クールジャパン戦略は「韓国への妬み」が原動力? 英誌が効果に疑問
日本の優れた文化や技術を海外に広める「クールジャパン」戦略は、安倍内閣の成長戦略の目玉である。経済産業省製造産業局に「クールジャパン室」、内閣には「クールジャパン戦略担当」大臣が置かれている。官民共同で「クールジャパン」ファンドも設立され、2015年3月には900億円に投資規模が拡大される予定である。
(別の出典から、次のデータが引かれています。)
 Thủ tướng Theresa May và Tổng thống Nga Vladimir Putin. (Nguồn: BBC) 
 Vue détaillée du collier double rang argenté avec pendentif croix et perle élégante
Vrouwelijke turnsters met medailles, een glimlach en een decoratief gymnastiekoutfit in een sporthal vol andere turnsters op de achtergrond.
しかし、海外メディアの中には、官製の“クール”を疑問視する声もある。
【全然クールじゃない】
英エコノミスト誌は、韓国コンテンツの海外人気に対する妬みが、日本の「クールジャパン」戦略の動機だ、と論じている。日本のクールな要素も世界的に認められてきたが、既にピークは過ぎた、という認識のようだ。最先端のクリエイター達は「クールジャパン」と距離を置きたがっており、現代美術家の村上隆氏は、関連イベントに招待してほしくない、と訴えたという。
同誌は、日本政府は何がクールなのか混乱しているようだ、と手厳しい。児童ポルノ禁止法の改正で、漫画やアニメ、ゲームが対象外だったことをあげ、欧米で通用しない表現が温存されていると指摘する。これが日本製コンテンツの海外進出を阻む要因のひとつ、という主張のようだ。
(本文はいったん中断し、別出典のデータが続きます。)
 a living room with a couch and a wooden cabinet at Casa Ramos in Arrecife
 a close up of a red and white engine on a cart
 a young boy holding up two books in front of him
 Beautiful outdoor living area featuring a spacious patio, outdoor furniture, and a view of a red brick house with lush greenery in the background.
とはいえ、むしろ日本の漫画やアニメの魅力は、背後にある権威への反抗、挑発的なエネルギーにある、と同誌は指摘している。漫画「美味しんぼ」の鼻血表現が問題になった事件をあげ、安倍首相が同作を「根拠のないうわさ」を広めている、と批判したことを問題視しているようだ。
【クールジャパンは世界の政策モデルになる?】
「クールジャパン」に対する冷ややかな意見がある一方で、企業家を育成する可能性に注目する声もある。海外メディア『Econintersect』は、「クールジャパン」ファンドにより、多くのクリエイティブな中小企業が世界市場にアクセスできる、と指摘している。
1960年代から70年代に日本経済の奇跡が注目されたように、「クールジャパン」は世界中の政策者のモデルになるかもしれない、と同メディアは結んでいる。
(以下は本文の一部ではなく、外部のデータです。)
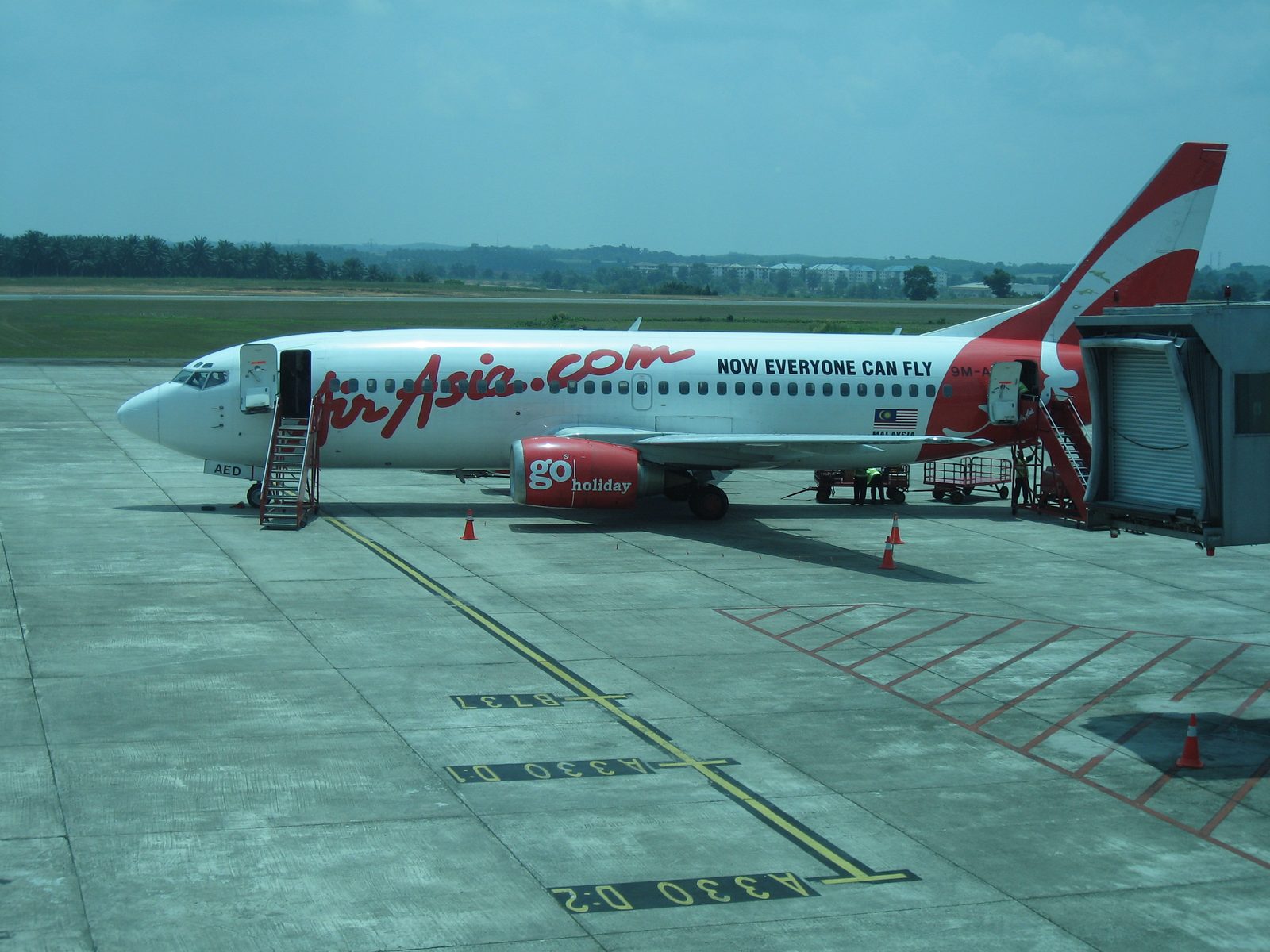 Our modern 737 waiting to take us from Johor Bahru (just across the water from Singapore on the...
最近でも、日本の政策に注目した例がある。インドのモディ首相が発表した「啓発された自己利益」を推進する対外政策に関し、もともとは、日本が海外開発協力政策を形容する際に使用した言葉、とザ・ヒンドゥー紙は指摘している。日本は他国に開発資金やローンを供給し支援することにより、それらの地域における影響力を大いに強めた。
日本文化を海外に広めながらビジネスにつなげようとする「クールジャパン」戦略は成功するのか、国内外が注目している。